[Opening Recorded data section]

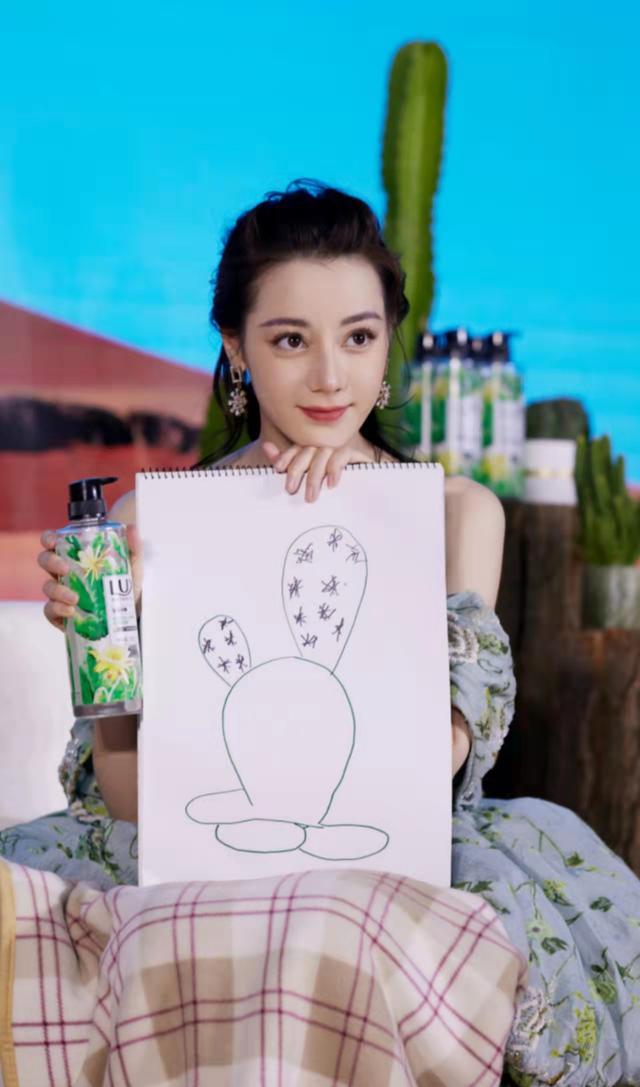 杨紫|杨紫四场直播妆发引粉丝不满：妆容暗沉，衣服廉价，固定刘海造型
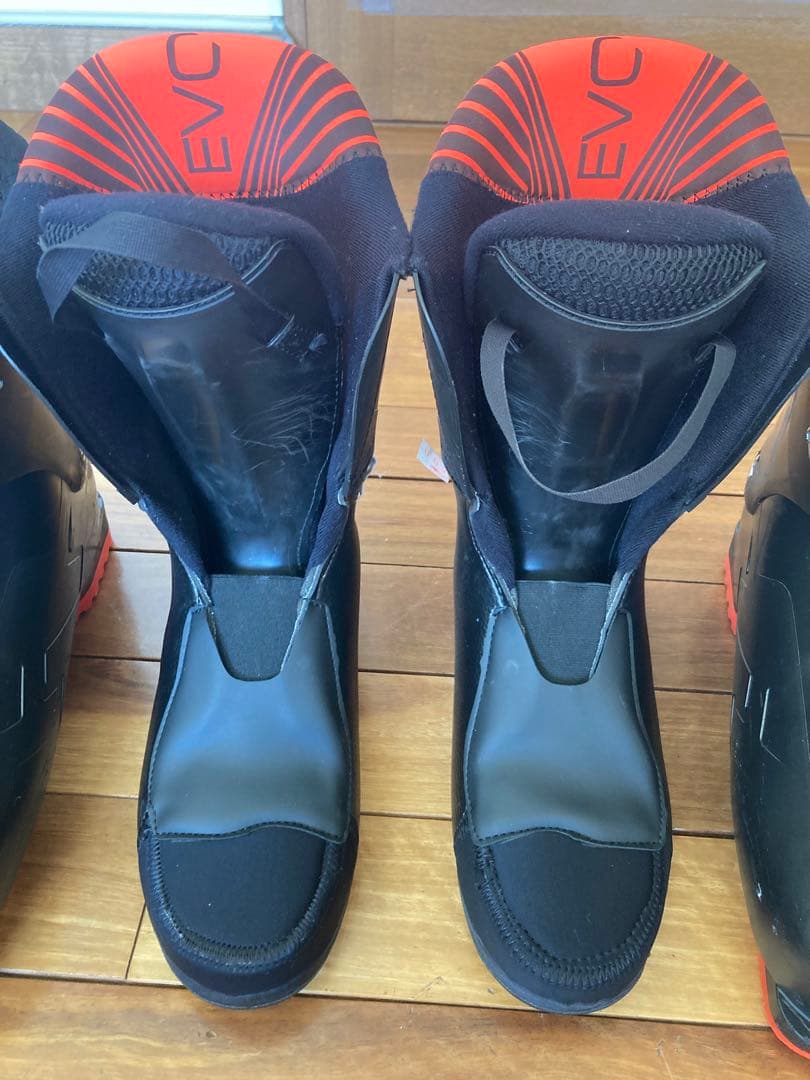 ROSSIGNOLロシニョールEVO70 スキーブーツ　27.5cm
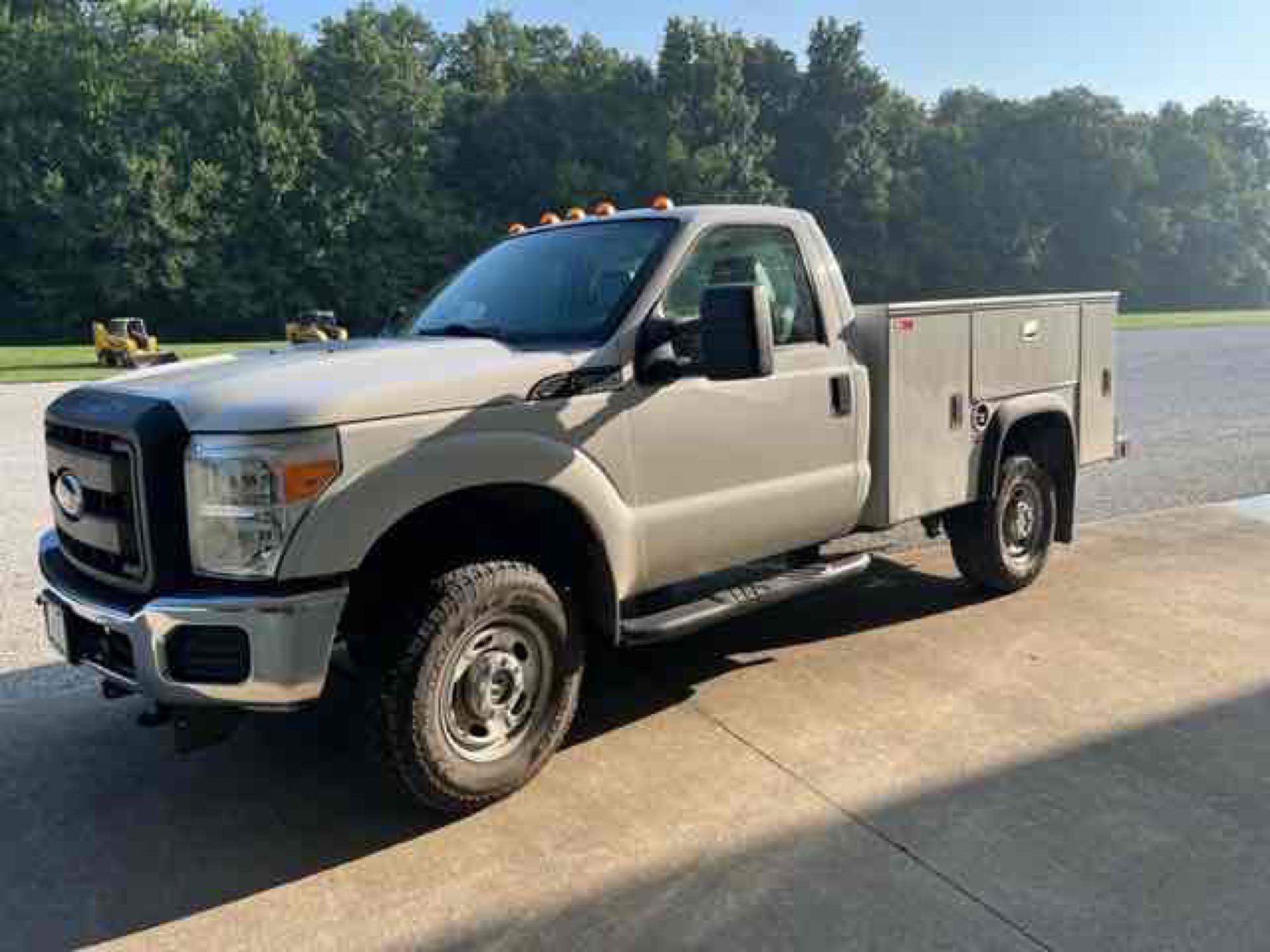 2011 FORD F-350 GAS STANDARD CAB SERVICE TRUCK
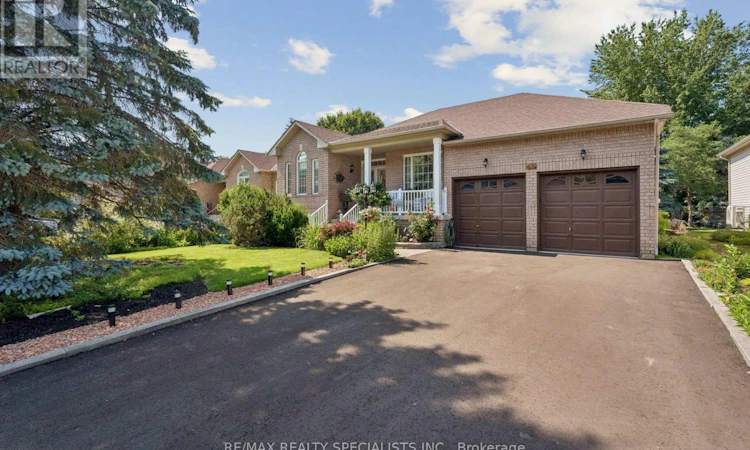 43 Bush Crescent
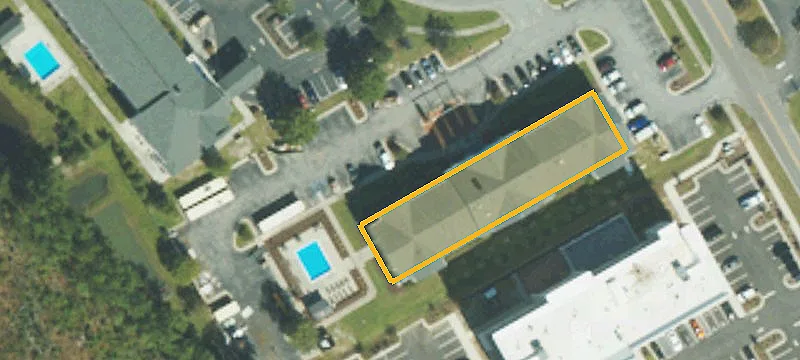 121 Circuit Ln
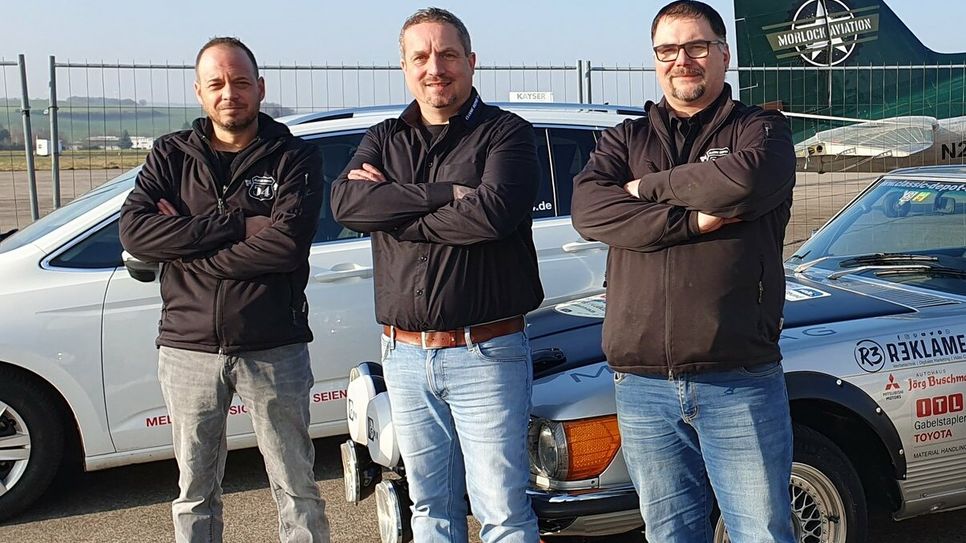 Von links: Daniel Nels (KFZ Mechaniker), Wolfgang Klauck (Geschäftsführer) und Frank Klein (Werkstattleiter).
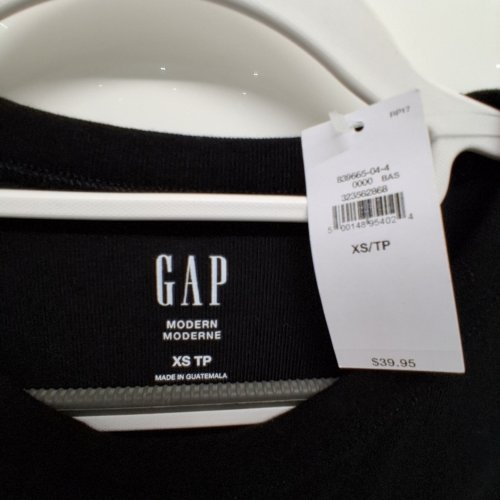 WOMEN'S GAP short sleeve T-SHIRT - EXTRA SMALL - BLACK image 2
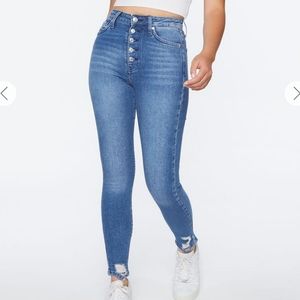 Forever 21 Women's Frayed Hem Button Front Skinny Jeans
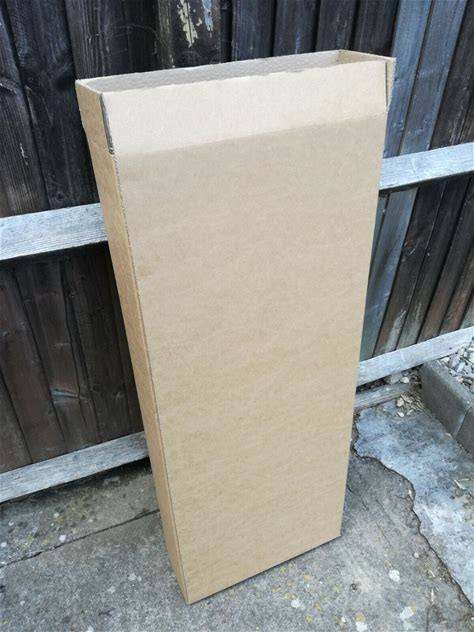 Free used guitar cardboard boxes for shipping electric guitars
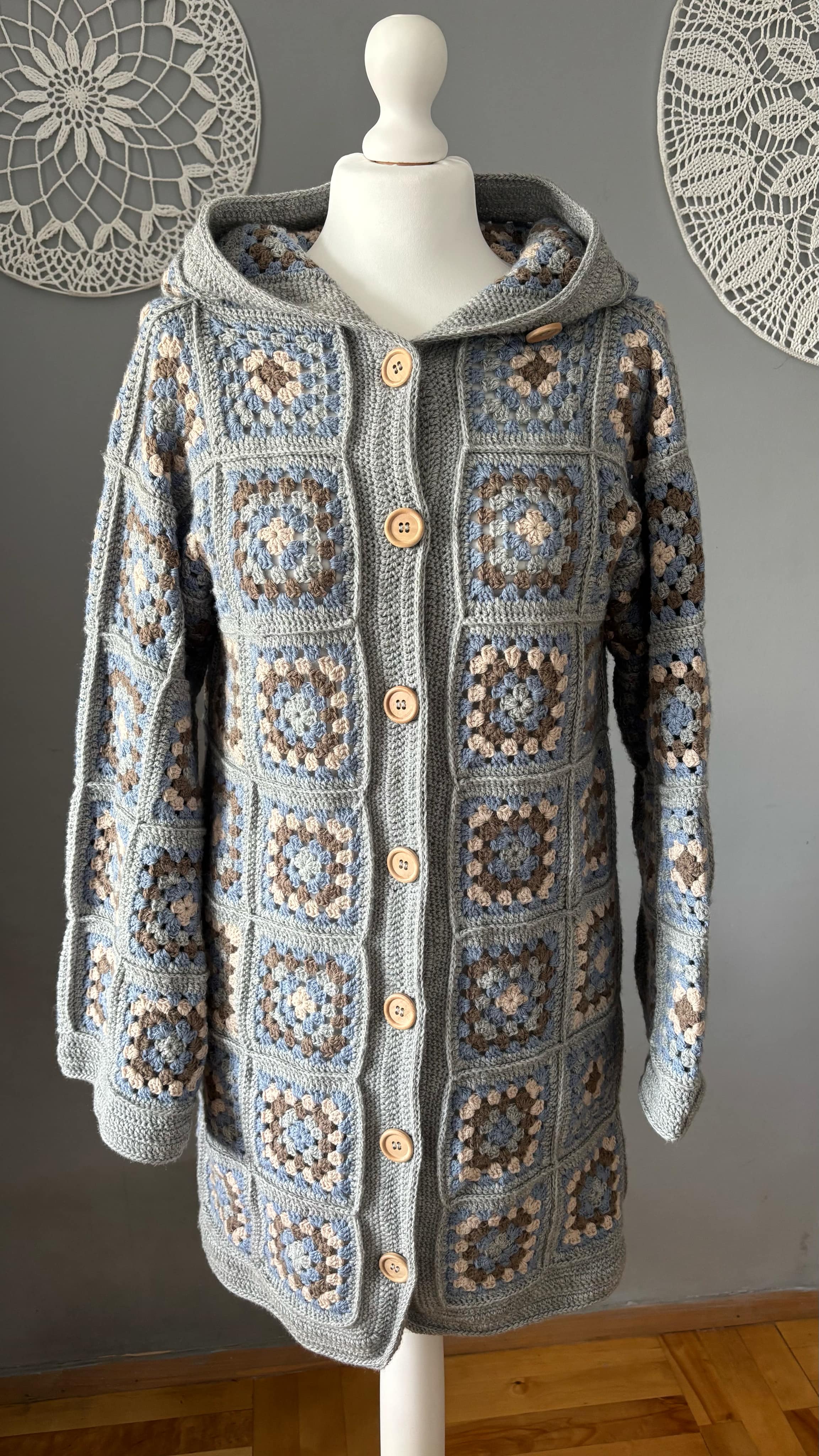 Sweter z kapturem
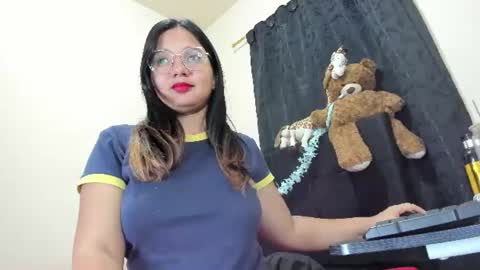 Im Zusan My schedule is from 1030pm to 430 am colombian time online show from July 20, 2026, 12:47 am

[Closing Recorded data section]

Brief
Give the entries again without a single change, but with no pictures.

Exercise output
 杨紫|杨紫四场直播妆发引粉丝不满：妆容暗沉，衣服廉价，固定刘海造型
 ROSSIGNOLロシニョールEVO70 スキーブーツ　27.5cm
 2011 FORD F-350 GAS STANDARD CAB SERVICE TRUCK
 43 Bush Crescent
 121 Circuit Ln
 Von links: Daniel Nels (KFZ Mechaniker), Wolfgang Klauck (Geschäftsführer) und Frank Klein (Werkstattleiter).
 WOMEN'S GAP short sleeve T-SHIRT - EXTRA SMALL - BLACK image 2
 Forever 21 Women's Frayed Hem Button Front Skinny Jeans
 Free used guitar cardboard boxes for shipping electric guitars
 Sweter z kapturem
 Im Zusan My schedule is from 1030pm to 430 am colombian time online show from July 20, 2026, 12:47 am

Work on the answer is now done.